Figure 1 shows a diagram of the generator. When power is first applied to the circuit, the capacitor C3 begins to charge through the resistor R1, while voltage across C3 increasing the logic elements go into an unstable state and oscillation begins. The frequency of oscillation is determined by the parameters of serial tanks C1L1 and C2L2.
Fig. 1. IC1 - CD4011
In the oscillating state, if C1 = C2 and L1 = L2 then voltage across C3 equal to half the supply voltage, and signals on outputs "A" and "B" of DD1.1 and DD1.2 gates has duty cycle 50%. If capacity or inductance of any tank (C1L1 or C2L2) will be changed then it would change the duty cycle of signal. Inputs DD1.1 and DD1.2 gates contains diodes that shunt LC circuit, so it's recommended to connect the inputs and DD1.1 DD1.2 with the LC circuit through resistors 10K...100K.
Fig. 2. Op-amp - 741
The duty cycle of signal can be converted into a voltage by adding to the circuit buffers DD1.3 and DD1.4 and two integrators R2C6 and R3C5 (Fig. 2). This scheme can be used for measure capacitance or inductance.

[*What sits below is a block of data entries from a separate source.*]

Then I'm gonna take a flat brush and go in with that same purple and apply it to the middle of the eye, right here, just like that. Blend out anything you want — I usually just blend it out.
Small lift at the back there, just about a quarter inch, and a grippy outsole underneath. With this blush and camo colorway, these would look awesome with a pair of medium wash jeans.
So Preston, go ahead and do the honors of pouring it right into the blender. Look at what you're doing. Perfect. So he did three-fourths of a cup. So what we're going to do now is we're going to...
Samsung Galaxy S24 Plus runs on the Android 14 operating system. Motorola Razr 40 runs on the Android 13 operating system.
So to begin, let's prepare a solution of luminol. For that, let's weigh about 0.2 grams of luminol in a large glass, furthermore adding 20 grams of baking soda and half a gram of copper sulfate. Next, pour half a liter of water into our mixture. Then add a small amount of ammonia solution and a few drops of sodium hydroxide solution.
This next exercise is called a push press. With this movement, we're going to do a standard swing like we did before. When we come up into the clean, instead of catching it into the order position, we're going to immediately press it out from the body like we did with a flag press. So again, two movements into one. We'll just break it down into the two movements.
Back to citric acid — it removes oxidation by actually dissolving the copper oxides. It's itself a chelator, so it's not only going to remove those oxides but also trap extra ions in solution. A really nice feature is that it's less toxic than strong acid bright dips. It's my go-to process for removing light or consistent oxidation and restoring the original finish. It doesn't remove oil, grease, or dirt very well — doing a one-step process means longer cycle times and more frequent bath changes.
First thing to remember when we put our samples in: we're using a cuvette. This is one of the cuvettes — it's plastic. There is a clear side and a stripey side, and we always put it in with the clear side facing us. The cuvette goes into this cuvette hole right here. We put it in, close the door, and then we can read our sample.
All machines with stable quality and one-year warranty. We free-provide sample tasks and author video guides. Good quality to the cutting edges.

Changing the voltage at the output of op-amp is proportional to the change of the parameters C1L1 or C2L2.
This multivibrator was used for measure of small movements, with C1 = C2 = 680 pF, the coils L1 and L2 were wound on a frame with a diameter 8 mm and with small ferrite rods inside, each coil contained 40 turns of copper enameled wire 0.3 mm in diameter (AWG 28), the one of ferrite rod is a sensor and it's moving freely in the frame (fig. 3), the operating frequency is about 1 MHz, supply voltage - 12V. If you will move both ferrite rods simultaneously, then you obtain a differential sensor.
The output of the operational amplifier can be connected to a varicap (Fig. 4), which is connected to the upper terminal of the coil L1 to create a negative feedback - this is the circuit with automatic adjustment, the error signal could be taken from the output of the op amp.